• **Goal of the exercise**
Below is a listing from which only part is wanted; return exactly the lines from the one with "Peugeot 5008 1.6 Feline 2017 - foto 1" up to and including the one with "EMBROIDERED SUIT (E4103/103/802)".

• **Provided material**
-- Opening Marker --
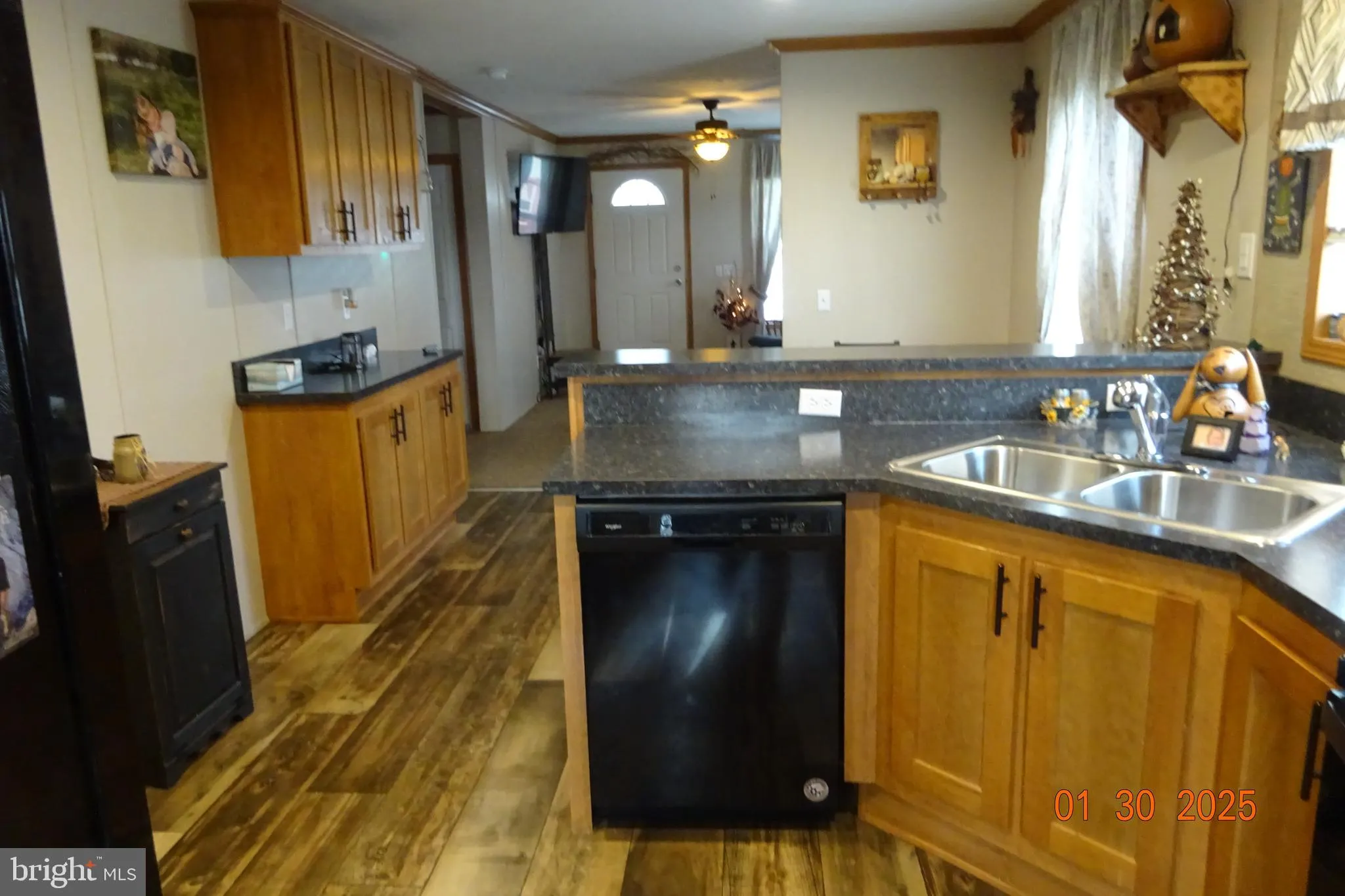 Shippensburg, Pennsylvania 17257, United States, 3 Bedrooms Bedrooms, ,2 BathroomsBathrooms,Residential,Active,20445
-- Closing Marker --
-- Opening Marker --
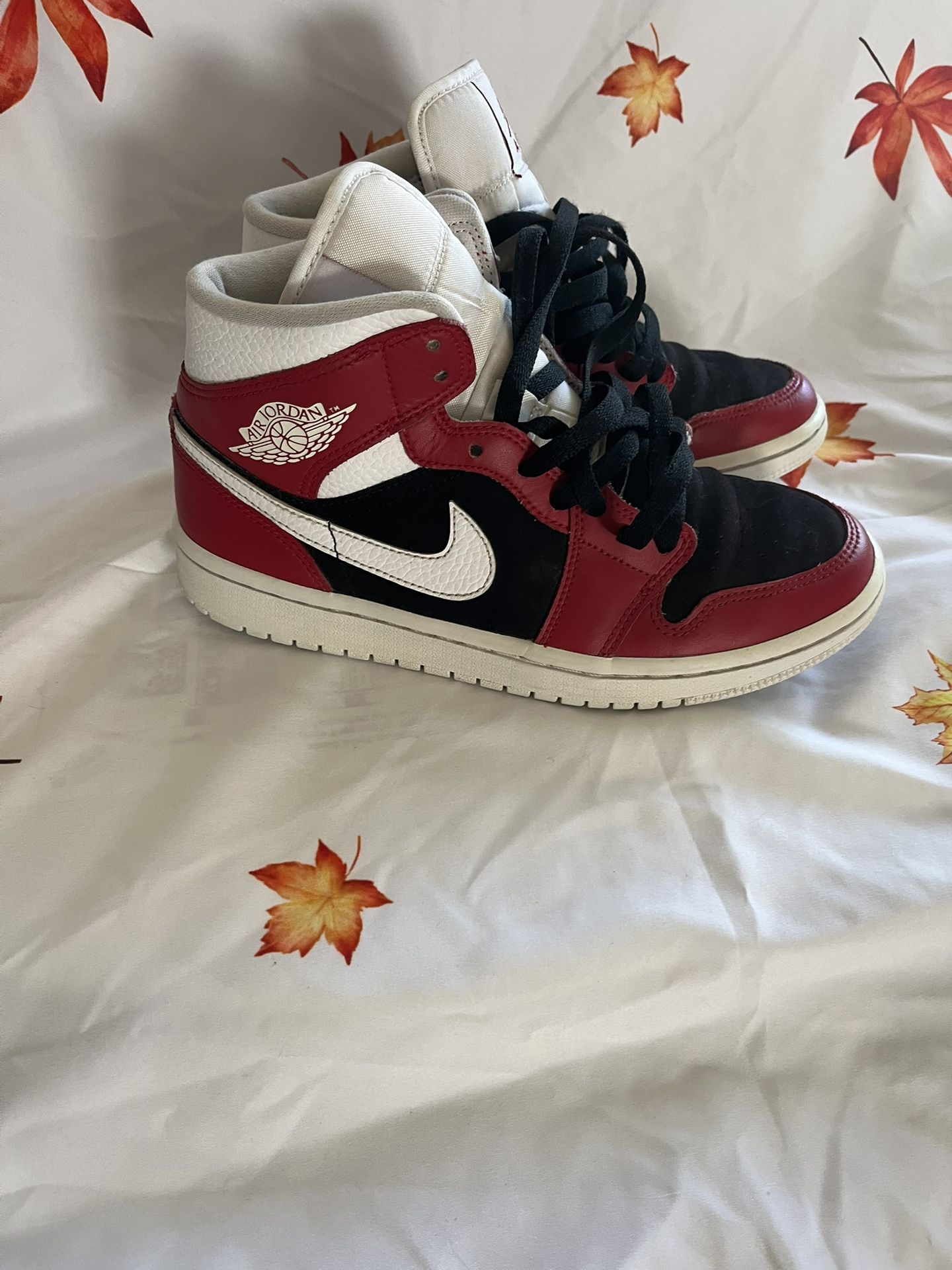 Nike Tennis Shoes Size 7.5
-- Closing Marker --
-- Opening Marker --
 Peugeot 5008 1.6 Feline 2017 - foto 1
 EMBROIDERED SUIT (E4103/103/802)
-- Closing Marker --
• **Solution to this task**
 Peugeot 5008 1.6 Feline 2017 - foto 1
 EMBROIDERED SUIT (E4103/103/802)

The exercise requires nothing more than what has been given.